Enfin, réflexion faite, si des Jeux correctement pensés (Barcelone) peuvent durablement façonner une ville, il est exagéré de dire que celle-ci en retire un supplément de croissance. En général celle-ci précède les Jeux qui constituent une lourde charge pour un pays et ses habitants, à peine compensée-pas toujours!- par des retombées d'image positives.
Pour 2016, le CIO cherchera un candidat en dehors de l'Europe en vertu d'une règle non écrite d'alternance entre les continents. Remis de l'expérience chinoise, il souhaitera privilégier une démocratie et en tout cas un pays à économie forte et fiable car les Jeux sont de plus en plus compliqués à organiser. L'Afrique étant de fait hors concours, on regardera vers l'Amérique. Il y aura le Brésil mais apparemment Rio préfère concourir pour la coupe du monde de foot 2014, choix indiscutable et quasi assuré. Les Etats-Unis ayant organisé deux fois des Jeux en 30 ans, cela ne laisse guère que le Canada (Toronto est un éternel candidat malchanceux).

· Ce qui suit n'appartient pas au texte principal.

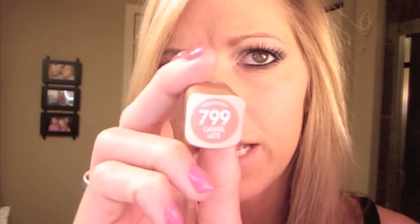For lips I'm going to do a kind of nude color since the eyes are pretty dramatic. This is L'Oreal's Caramel Latte. It's already a pretty glossy, creamy lipstick, but I'm also going to go over it with a lip gloss — Victoria's Secret Beauty Rush in Lotta Colada.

Le Mexique étant exclu car il a remplacé la Colombie comme pays le plus dangereux de la région. En Asie, il n'y aurait guère que le Japon mais rien n'indique qu'il souhaite être candidat. On pourra être tenté de retourner en Australie, à Melbourne, cette fois, qui a eu des velléités..Le choix, en tout cas, est restreint. Reste une autre solution, une vieille idée qui pourrait être un remède à tous ces tourments: Décider de revenir à l'esprit des Jeux de l'Antiquité, c'est à dire qu'ils se déroulent tous les quatre ans à Olympie, ou plutôt à Athènes dont les installations viennent d'être modernisées. Les investissements rendus nécessaires seraient bien sûr mutualisés, les installations sportives enfin amorties car contrairement à ce que l'on dit cela n'est jamais le cas. En effet, on ne peut plus y organiser par la suite d'événements comparables aux JO. Et contrairement aux infrastructures touristiques ou logistiques elles sont à fonds perdus, ne profitent qu'aux athlètes de haut niveau et ne laissent aucun héritage. On aurait enfin des JO durables! Mais les sponsors seront-ils d'accord? Le mouvement olympique va devoir faire un choix qui déterminera l'avenir des Jeux au XXIème siècle.